How did we get here?
And kindergarten now, is way different from when I was in kindergarten.
First of all, there’s a school supply list. There’s stuff, beyond a pack of pencils and a bookbag, that we have to get for the classroom. Like baby-wipes and band-aids. Like multiple packets of crayons and markers. I had heard the school budgets had been cut, but wow.
How about this? Gone are the days of AM and PM classes. Kindergarten is all day — 9 to 3! Those are banker’s hours! What am I going to do with myself while Morgan tells all of our family business to her teachers and peers (you know she will; volunteering our personal information is her #1 hobby)?

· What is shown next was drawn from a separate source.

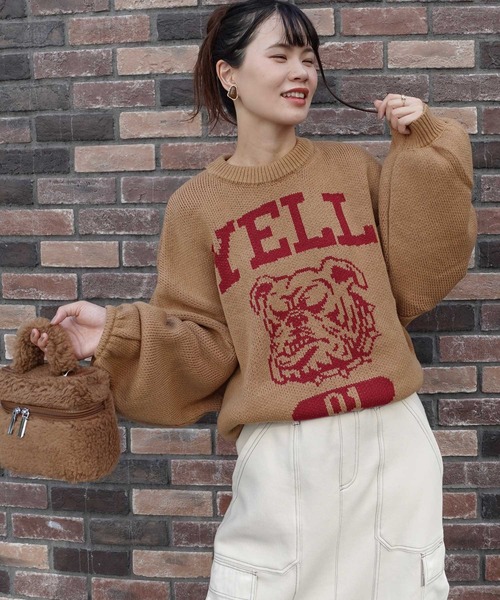 CORNERS(コーナーズ)の「【福本莉子さん着用】ロゴジャガードオーバーサイズニット(ニット/セーター・レディース・グリーン/ブラウン/アイボリー/ブルー/パープル/グレー・FREE)」の13枚目の写真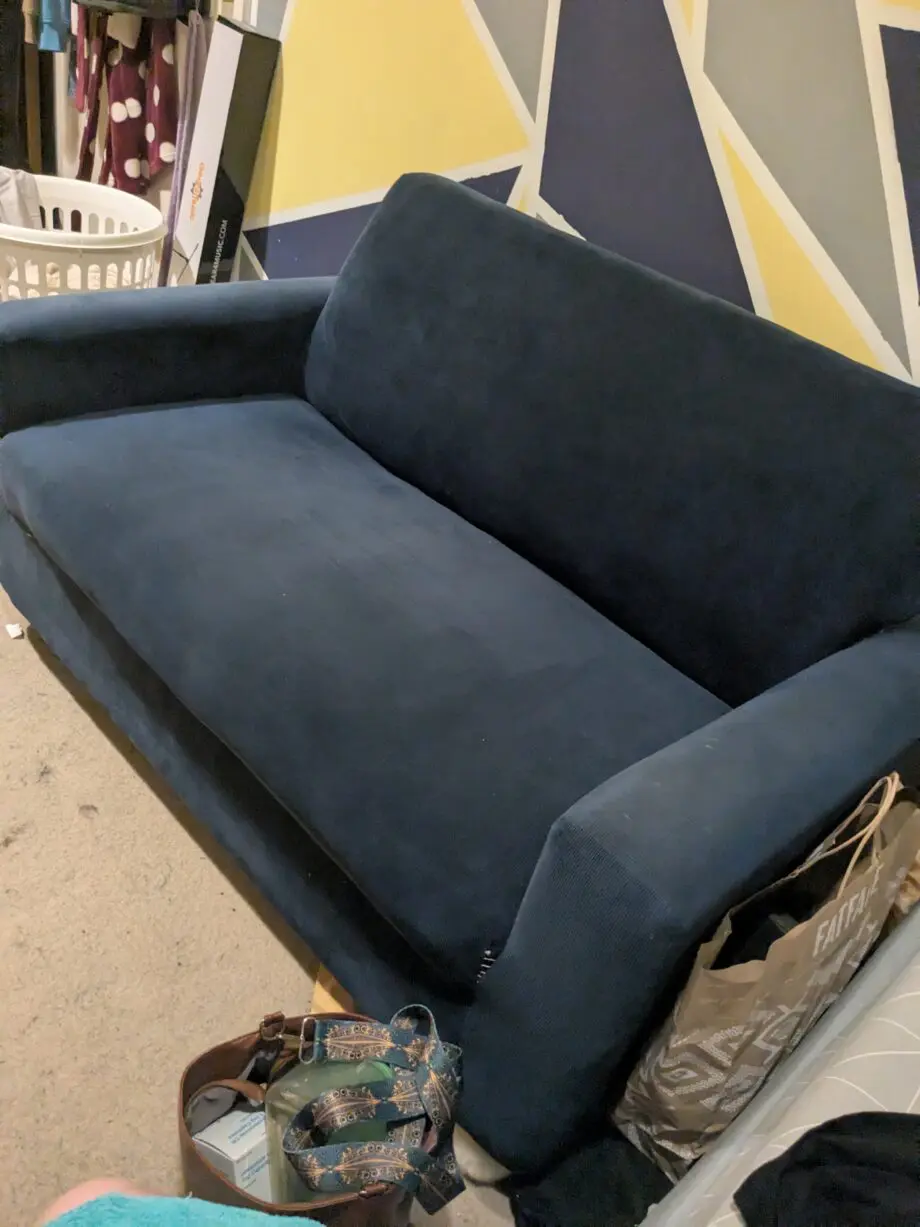 Blue 2 seater sofa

And homework! I hear there’s homework in kindergarten. Who knows what kind of dittos (do they still even have those?) and worksheets she’ll be bringing home. I’m about to order up some “Math Made EZ 4 U” off of Amazon because I am russssss-teeee.
My parents had given me this book when I started school called “School Days.” It’s a little scrapbook that you fill out at the beginning and end of every school year with stuff like the name of your school, your photo, names of your teachers and friends, what you want to be when you grow up, and so forth. Mine is busting apart at the seams. There are little pockets to stick in momentos for each grade and I’ve got Valentines, notes I passed, report cards, all of that junk. I found the 2010 version for Morgan and I wonder how hers will compare to my own over the years.
It’s weird, turning the corner from your childhood/ adolescent self and walking down that adult/parent road. I can already see the first day of school coming: Morgan will slip into the clothes she’s picked out the night before. She’ll slide into her slightly too-big-backpack. We’ll take her picture on the front steps, maybe she’ll even let Coever stand next to her for a frame or two. We’ll walk down to the school and guess what adventures lay ahead. I’ll take her hand from mine to put it into the hand of her teacher, a woman I will eyeball until she understands that I am entrusting her with one of my two greatest treasures. She should conduct herself accordingly.
But I’m getting ahead of myself. It’s the last week of July; there’s plenty of summer left! There are still trips to the beach, to Busch Gardens, to visit the grands. We’ve got playdates to fill up our mornings, arts & craps ::shudder:: to fill up the afternoons, and trips to the ice cream parlor for our evenings.
Back-to-school can wait. The sun is shining, the birds are singing, and we are just getting started.